On Tuesday, researchers from Google and Tel Aviv University unveiled GameNGen, a new AI model that can interactively simulate the classic 1993 first-person shooter game Doom in real time using AI image generation techniques borrowed from Stable Diffusion. It’s a neural network system that can function as a limited game engine, potentially opening new possibilities for real-time video game synthesis in the future.
For example, instead of drawing graphical video frames using traditional techniques, future games could potentially use an AI engine to “imagine” or hallucinate graphics in real time as a prediction task.
“The potential here is absurd,” wrote app developer Nick Dobos in reaction to the news. “Why write complex rules for software by hand when the AI can just think every pixel for you?”
GameNGen can reportedly generate new frames of Doom gameplay at over 20 frames per second using a single tensor processing unit (TPU), a type of specialized processor similar to a GPU that is optimized for machine learning tasks.
In tests, the researchers say that ten human raters sometimes failed to distinguish between short clips (1.6 seconds and 3.2 seconds) of actual Doom game footage and outputs generated by GameNGen, identifying the true gameplay footage 58 percent or 60 percent of the time.
Real-time video game synthesis using what might be called “neural rendering” is not a completely novel idea. Nvidia CEO Jensen Huang predicted during an interview in March, perhaps somewhat boldly, that most video game graphics could be generated by AI in real time within five to 10 years.
GameNGen also builds on previous work in the field, cited in the GameNGen paper, that includes World Models in 2018, GameGAN in 2020, and Google’s own Genie in March. And a group of university researchers trained an AI model (called “DIAMOND“) to simulate vintage Atari video games using a diffusion model earlier this year.
Also, ongoing research into “world models” or “world simulators,” commonly associated with AI video synthesis models like Runway’s Gen-3 Alpha and OpenAI’s Sora, is leaning toward a similar direction. For example, during the debut of Sora, OpenAI showed demo videos of the AI generator simulating Minecraft.
Diffusion is key
In a preprint research paper titled “Diffusion Models Are Real-Time Game Engines,” authors Dani Valevski, Yaniv Leviathan, Moab Arar, and Shlomi Fruchter explain how GameNGen works. Their system uses a modified version of Stable Diffusion 1.4, an image synthesis diffusion model released in 2022 that people use to produce AI-generated images.
“Turns out the answer to ‘can it run DOOM?’ is yes for diffusion models,” wrote Stability AI Research Director Tanishq Mathew Abraham, who was not involved with the research project.
While being directed by player input, the diffusion model predicts the next gaming state from previous ones after having been trained on extensive footage of Doom in action.

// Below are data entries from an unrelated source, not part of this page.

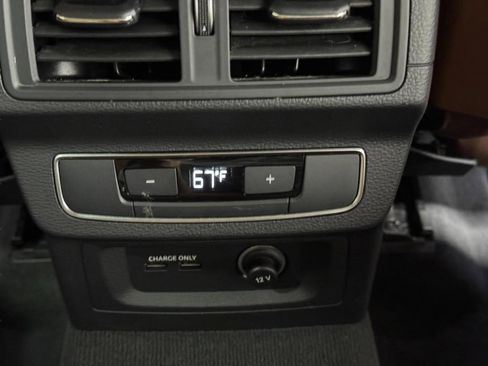 Used 2021 Audi Q5 Premium Plus w/ Premium Plus Package image 11
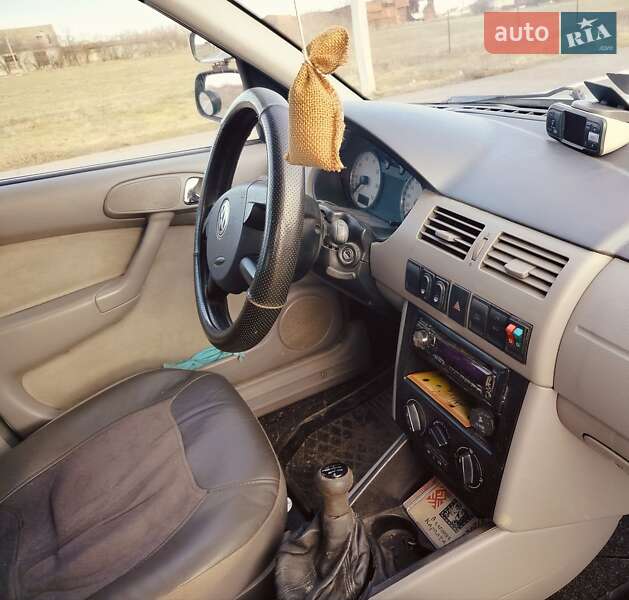 Хэтчбек Volkswagen Pointer 2005 в Черноморске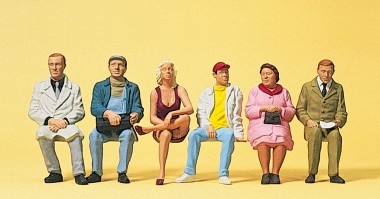 Preiser 45154 Sitzende Reisende 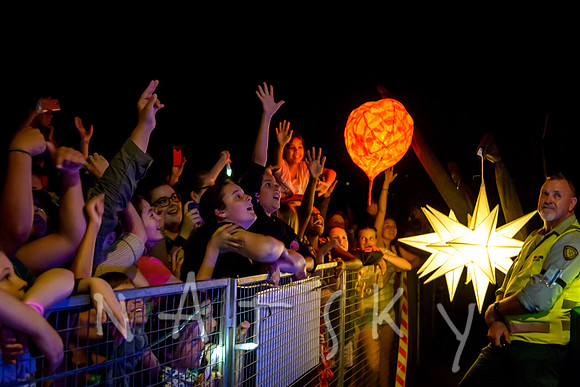 carols crowd 137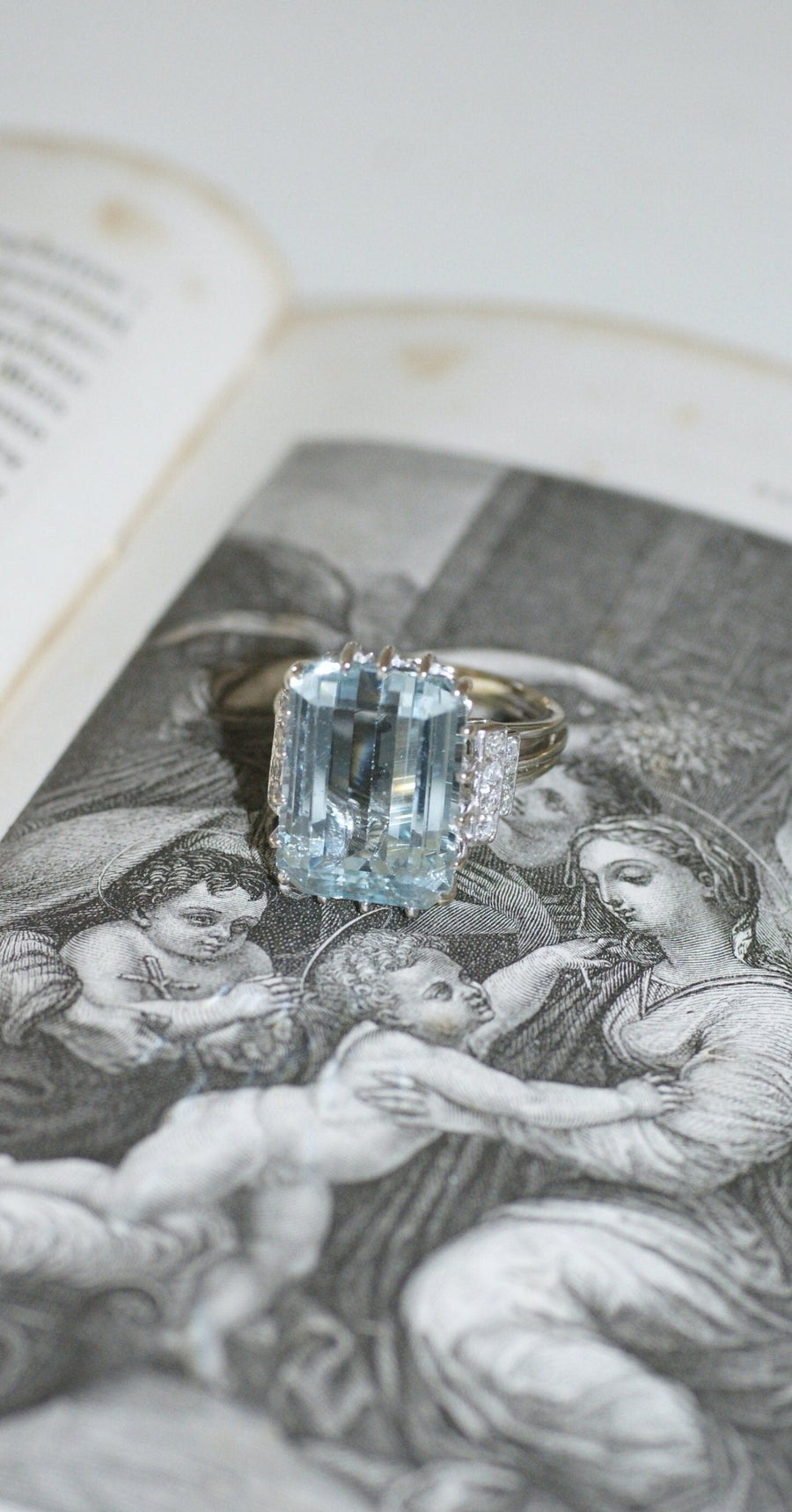 Aquamarine and diamonds Cocktail ring - Galerie Pénélope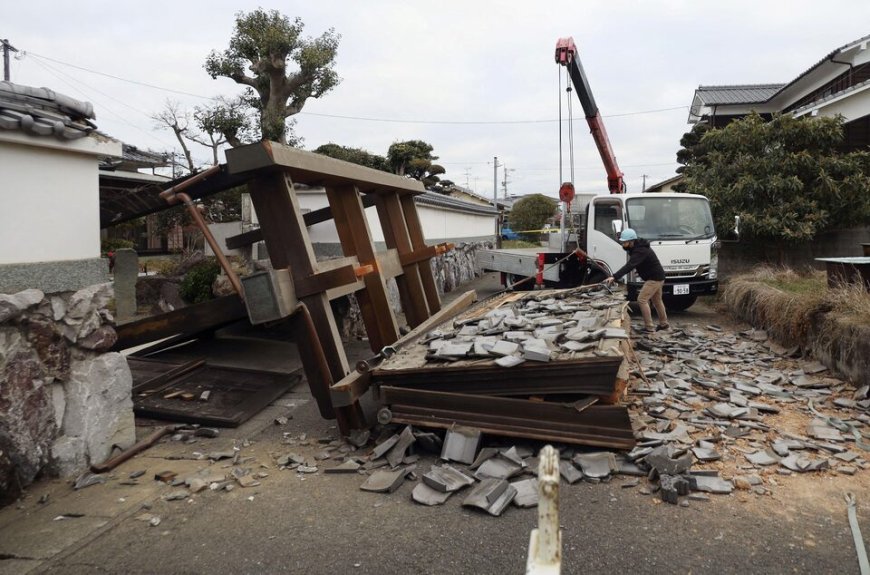 Powerful 7.6 Magnitude Earthquake Strikes Japan’s Northeast Coast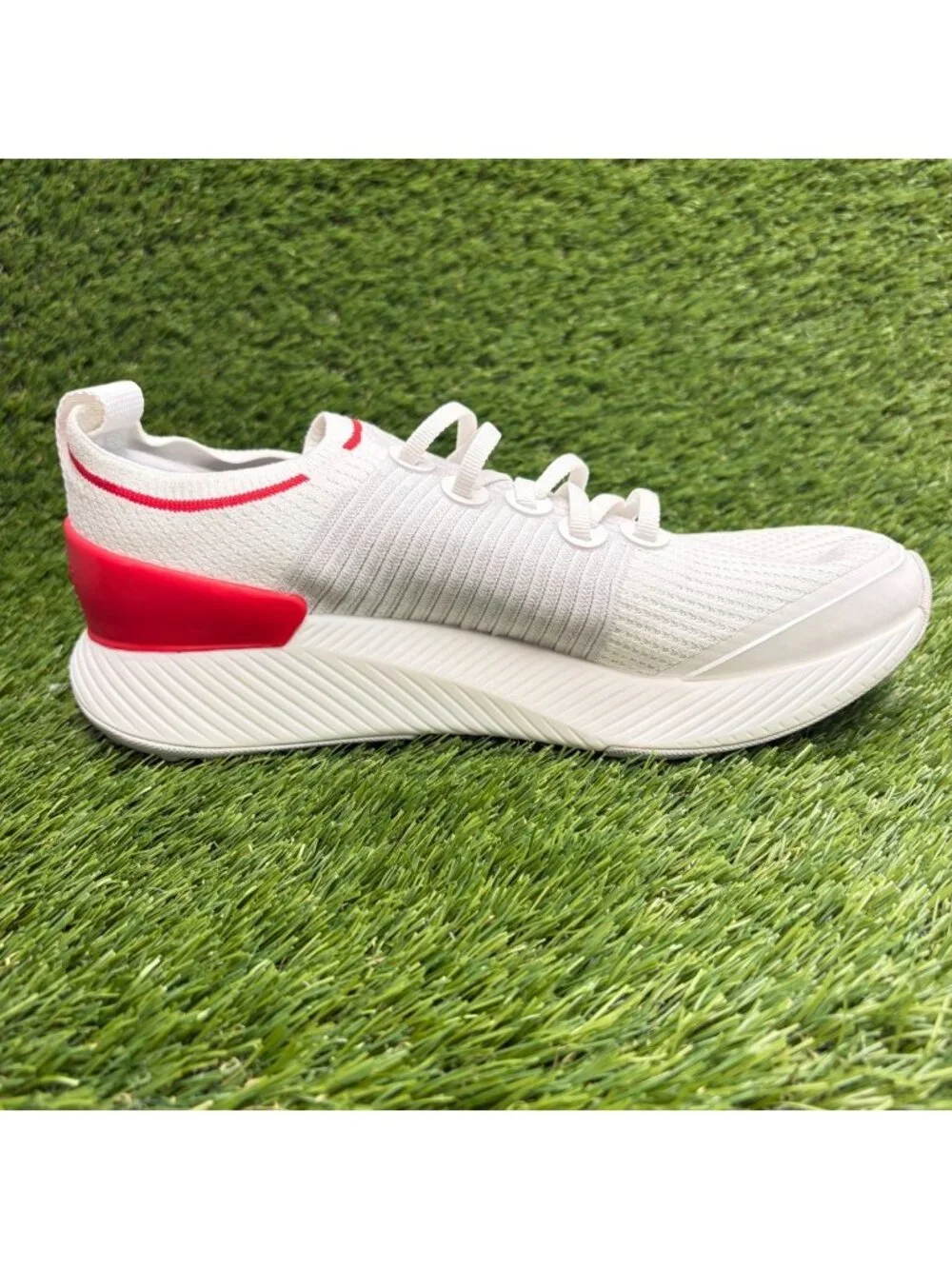 Allbirds Tree Gliders Womens Size 8.5 White Red Athletic Running Shoes Sneakers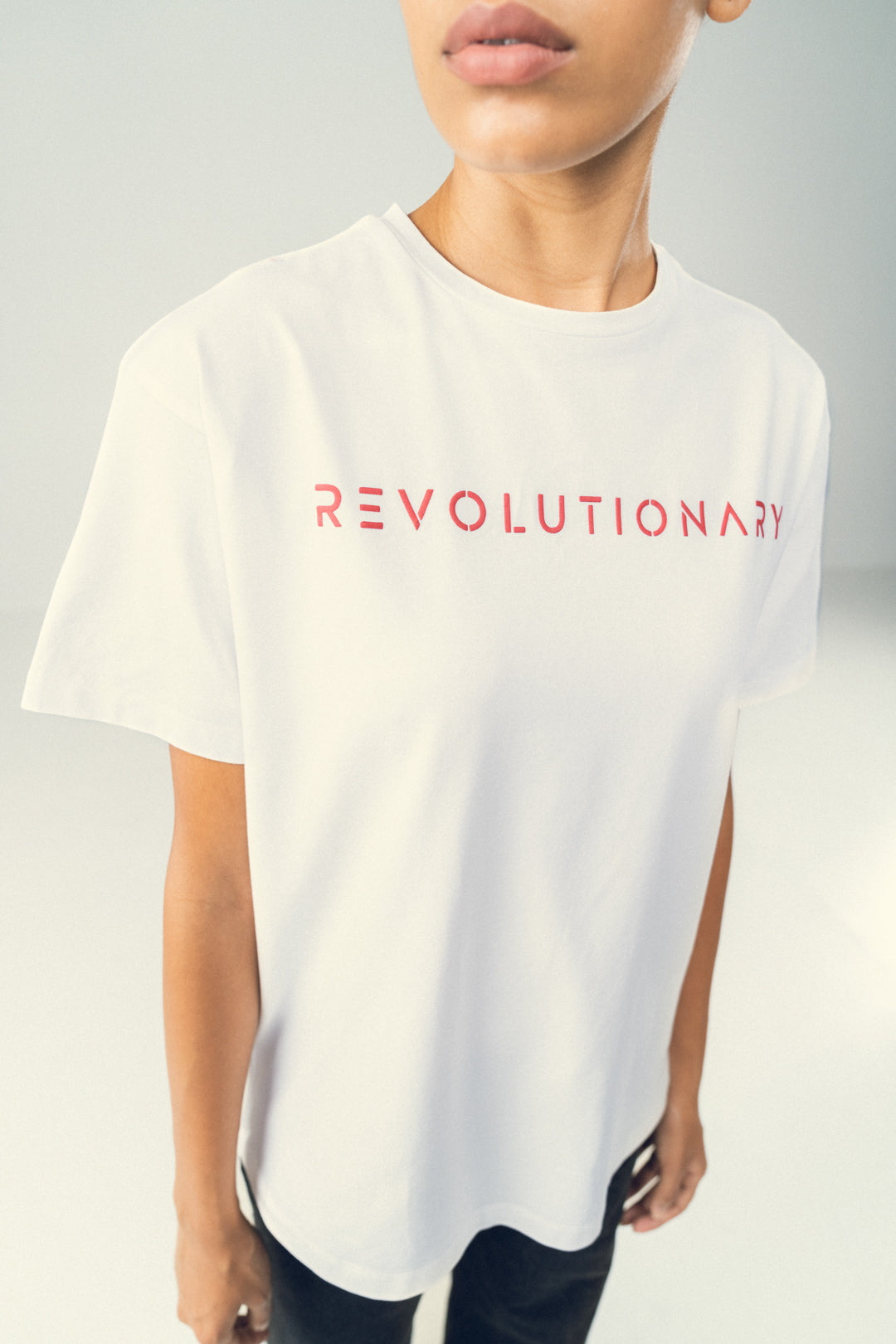CLASSIC WHITE OVERSIZED  TEE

The development of GameNGen involved a two-phase training process. Initially, the researchers trained a reinforcement learning agent to play Doom, with its gameplay sessions recorded to create an automatically generated training dataset—that footage we mentioned. They then used that data to train the custom Stable Diffusion model.
However, using Stable Diffusion introduces some graphical glitches, as the researchers note in their abstract: “The pre-trained auto-encoder of Stable Diffusion v1.4, which compresses 8×8 pixel patches into 4 latent channels, results in meaningful artifacts when predicting game frames, which affect small details and particularly the bottom bar HUD.”
And that’s not the only challenge. Keeping the images visually clear and consistent over time (often called “temporal coherency” in the AI video space) can be a challenge. GameNGen researchers say that “interactive world simulation is more than just very fast video generation,” as they write in their paper. “The requirement to condition on a stream of input actions that is only available throughout the generation breaks some assumptions of existing diffusion model architectures,” including repeatedly generating new frames based on previous ones (called “autoregression”), which can lead to instability and a rapid decline in the quality of the generated world over time.